Por grande que fuese la suma de pasión y declamación que el partido del orden derrochase desde lo alto de la tribuna de la Asamblea Nacional contra la minoría, sus discursos eran monosilábicos, como los del cristiano, que ha de decir: sí, sí; no, no. Monosilábicos en la tribuna y monosilábicos en la prensa. Insulsos como los acertijos cuya solución se sabe de antemano. Ya se trate del derecho de petición o del impuesto sobre el vino, de la libertad de prensa o de la libertad del comercio, de los clubes o del reglamento municipal, de la protección de la libertad personal o de la regulación del presupuesto del Estado, la consigna se repite siempre, el tema es siempre el mismo, el fallo está siempre preparado y reza invariablemente: «
¡Socialismo
» Se presenta como socialista hasta el liberalismo burgués, como
socialista
la ilustración burguesa, como socialista la reforma financiera burguesa.
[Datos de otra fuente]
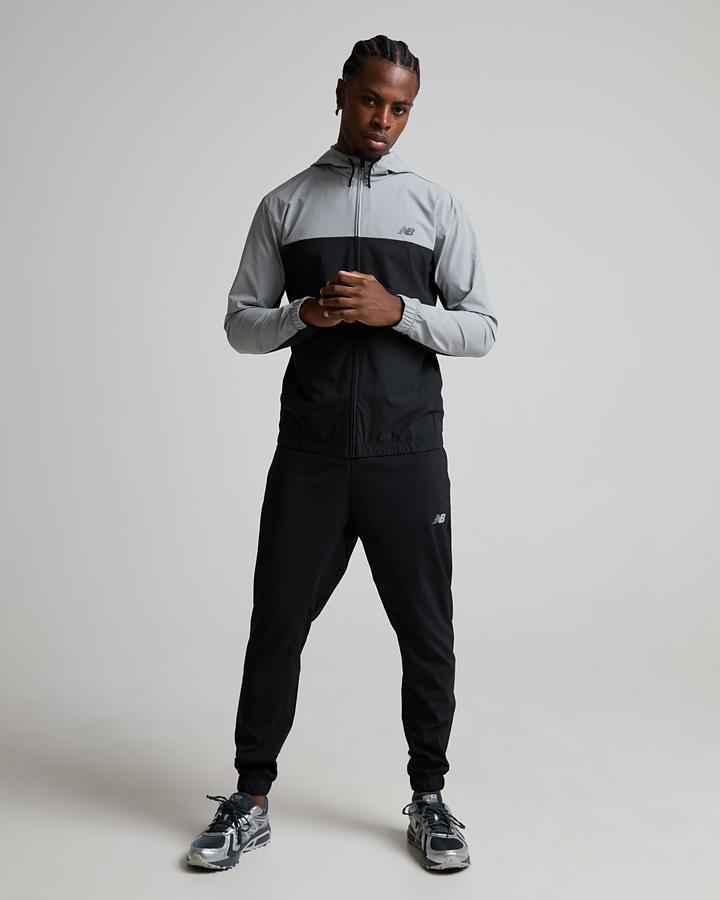 New Balance Men's Sports Essential Woven Hoodie - Black/Reflective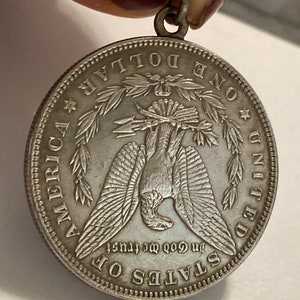 May include: Silver dollar coin pendant with a bald eagle design. The coin features the words "One Dollar", "United States of America", and "In God We Trust".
Era socialista construir un ferrocarril donde había ya un canal y socialista defenderse con el palo cuando le atacaban a uno con la espada.

Y esto no era mera retórica, moda, táctica de partido. La burguesía tenía la conciencia exacta de que todas las armas forjadas por ella contra el feudalismo se volvían contra ella misma, de que todos los medios de cultura alumbrados por ella se rebelaban contra su propia civilización, de que todos los dioses que había creado la abandonaban. Comprendía que todas las llamadas libertades civiles y los organismos de progreso atacaban y amenazaban, al mismo tiempo, en la base social y en la cúspide política a
su dominación de clase
, y por tanto se habían convertido en «
socialistas
». En esta amenaza y en este ataque veía con razón el secreto del socialismo, cuyo sentido y cuya tendencia juzgaba ella más exactamente que se sabe juzgar a sí mismo el llamado socialismo, el cual no puede comprender por ello cómo la burguesía se cierra a cal y canto contra él, ya gima sentimentalmente sobre los dolores de la humanidad, ya anuncie cristianamente el reino milenario y la fraternidad universal, ya chochee humanísticamente hablando de ingenio, cultura, libertad o cavile doctrinalmente un sistema de conciliación y bienestar de todas las clases sociales. Lo que no comprendía la burguesía era la consecuencia de que su
mismo régimen parlamentario
, de que
dominación política
en general tenía que caer también bajo la condenación general, como
socialista
. Mientras la dominación de la clase burguesa no se hubiese organizado íntegramente, no hubiese adquirido su verdadera expresión política, no podía destacarse tampoco de un modo puro el antagonismo de las otras clases, ni podía, allí donde se destacaba, tomar el giro peligroso que convierte toda lucha contra el poder del Estado en una lucha contra el capital. Cuando en cada manifestación de vida de la sociedad veía un peligro para la «tranquilidad», ¿cómo podía empeñarse en mantener a la cabeza de la sociedad el
régimen de la intranquilidad
, su propio régimen, el
régimen parlamentario
, este régimen que, según la expresión de uno de sus oradores, vive en la lucha y merced a la lucha? El régimen parlamentario vive de la discusión, ¿cómo, pues, va a prohibir que se discuta? Todo interés, toda institución social se convierten aquí en ideas generales, se ventilan bajo forma de ideas; ¿cómo, pues, algún interés, alguna institución van a situarse por encima del pensamiento e imponerse como artículo de fe? La lucha de los oradores en la tribuna provoca la lucha de los plumíferos de la prensa, el club de debates del parlamento se complementa necesariamente con los clubes de debates de los salones y de las tabernas, los representantes que apelan continuamente a la opinión del pueblo autorizan a la opinión del pueblo para expresar en peticiones su verdadera opinión. El régimen parlamentario lo deja todo a la decisión de las mayorías; ¿cómo, pues, no van a querer decidir las grandes mayorías fuera del parlamento? Si los que están en las cimas del Estado tocan el violín, ¿qué cosa más natural sino que los que están abajo bailen?